WORK REQUEST: Find the line below with "Family Fun and" and the line with "Omega fatty acids". Output them and the lines between, exactly, but not the pictures.

RECORDS SUPPLIED:
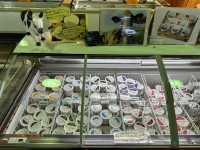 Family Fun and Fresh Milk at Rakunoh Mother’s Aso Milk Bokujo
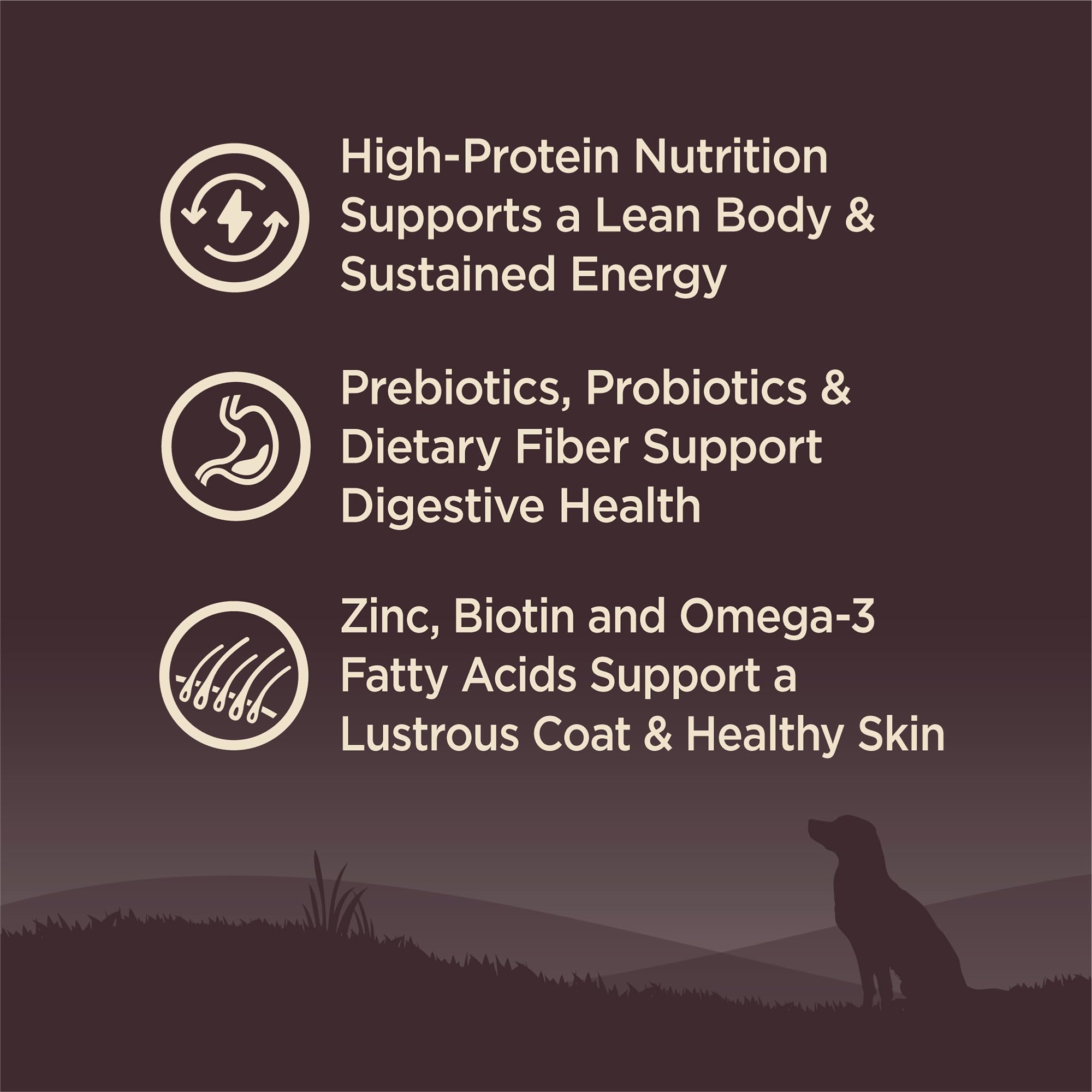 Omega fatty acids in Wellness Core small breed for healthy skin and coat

---

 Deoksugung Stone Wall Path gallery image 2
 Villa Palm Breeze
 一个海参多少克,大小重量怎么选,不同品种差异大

ANSWER TO THE EXERCISE:
 Family Fun and Fresh Milk at Rakunoh Mother’s Aso Milk Bokujo
 Omega fatty acids in Wellness Core small breed for healthy skin and coat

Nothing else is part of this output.